Karl-Christofer Veske
5 min readDec 27, 2020

Warehouse office in uptown Miami, two older boomers who love to watch sports, talk about their college days, play golf and wear pink polos discussing their business.

CEO: Hmm, I tried to find the dumbbells we sell on Google, and I didn’t find anything.

Marketing Manager: Wait, I will give it a try as well. You are right, when I type in dumbbells in Uptown Miami, we are on the 10th Google page.

CEO: What should we do then? Perhaps we should put up a billboard on the street so people would visit our website more and that would help us come out higher?

MM: that is a great idea. But I think in the long term it will become expensive.

C: Hey, no pain no gain

MM: WAIT. I KNOW. I heard it on something called a webinar. We should start a blog.

C: Oh Yes, Tim talked as well how they blog now on their site, and he even himself sometimes puts a few lines down. You know I’ve always wanted to be a writer. I think I am very similar to Hemingway.

MM: Yes, and half the work is already done for us, let just copy other blogs, sort of like best of and let’s combine everything together to our blog post. I have an empty slot in my calendar think I can do our first post from tomorrow 9 am-10 am

C: Oh, that’s great, so by day after tomorrow we are hopefully on page 3–4?

MM: Let’s hope so!

If you have worked with small businesses as I have, then you’ve probably overheard conversation similar to that.

And You’ve wanted to shoot yourself in the head.

I’ve always known You just can’t immediately rank well in Google, one post isn’t going to do a lot for you, You need linking and so on, but I haven’t known much.

However, last week, I did a course in the CXL Growth Marketing Minidegree program about Content Strategy for SEO, which blew my mind.

And I would like to share some of the biggest nuggets with you.

A blog isn’t for driving sales.

The biggest lesson I took from the course was that blog isn’t for driving sales. It is for providing value, developing brand awareness and for raising the rank of your domain.

Most people search answers, not products to buy.
80% of keywords people search online are informational, 10% navigational (they want to get to a particular page they already know), 10% transactional.

So that’s what your blog should help people do, it should help them find answers to their questions.
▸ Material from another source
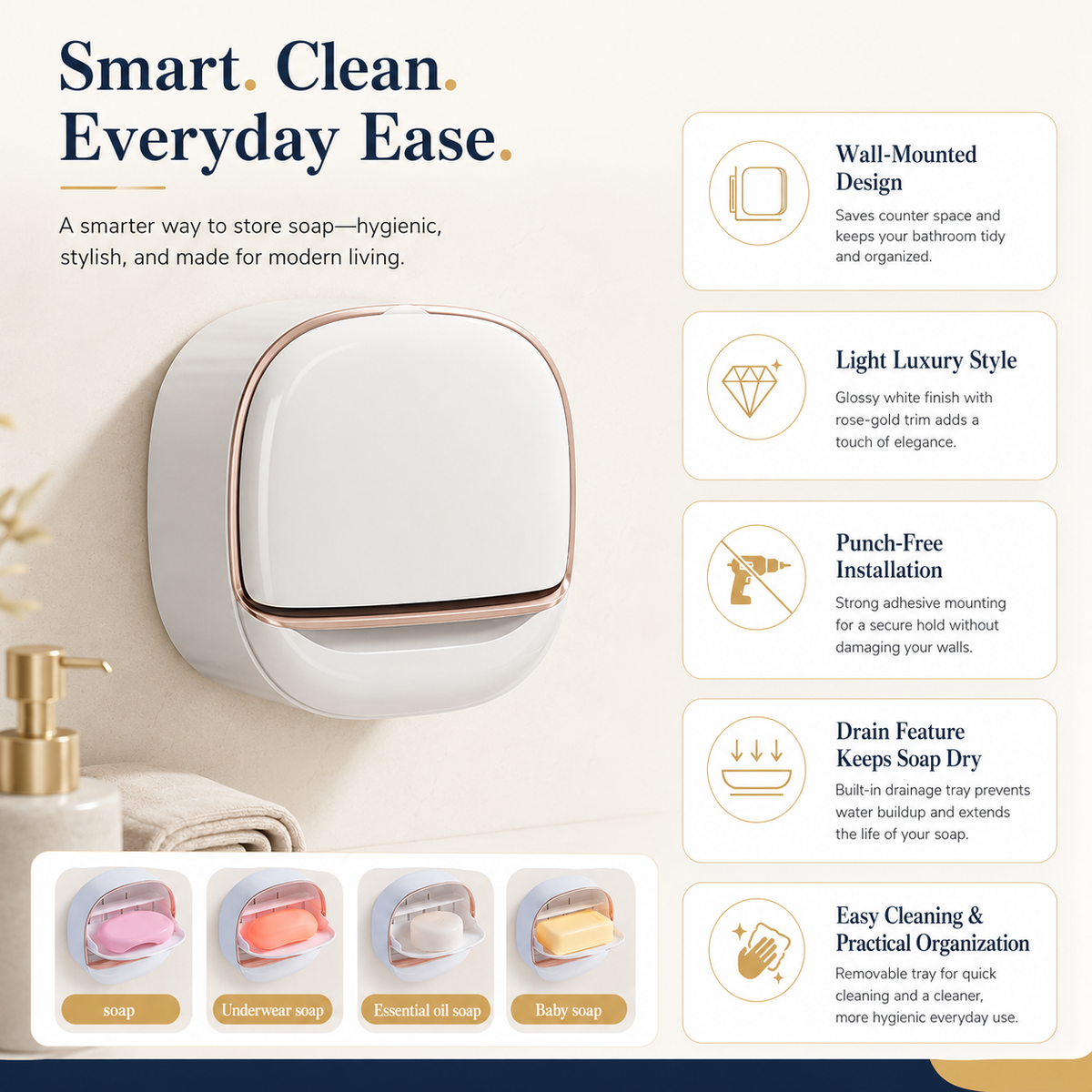 Wall Mounted Soap Box Holder | Punch Free Drainage Soap Dish for Bathroom & Kitchen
Which altogether helps you:
A) build your brand relationship
B) raise your domain authority which means it also helps your other pages to be more easily findable.

When you do that well, and your product pages are created with commercial intent keywords in mind, those will rank higher, and then $$$ starts flying in.

Keep it original

But how do you provide value and raise your domain authority with content? Or simply make your name more known?

Well — with great content.
In blogging, the good stuff is amazing, average stuff is useless.

But how do you create great content?

With original research.
You can answer questions people have and conduct researches.
Internet is filled with questions people have.

You can come up with hypothesis yourself and conduct research as well. Or find answers to unanswered questions.

These days SEO isn’t just about keywords.

Google is not a baby anymore, it is a schoolboy, so it understands the overall topic of your writing, and when you research and create a “paper” from it, Google can associate it with the topic you are writing about.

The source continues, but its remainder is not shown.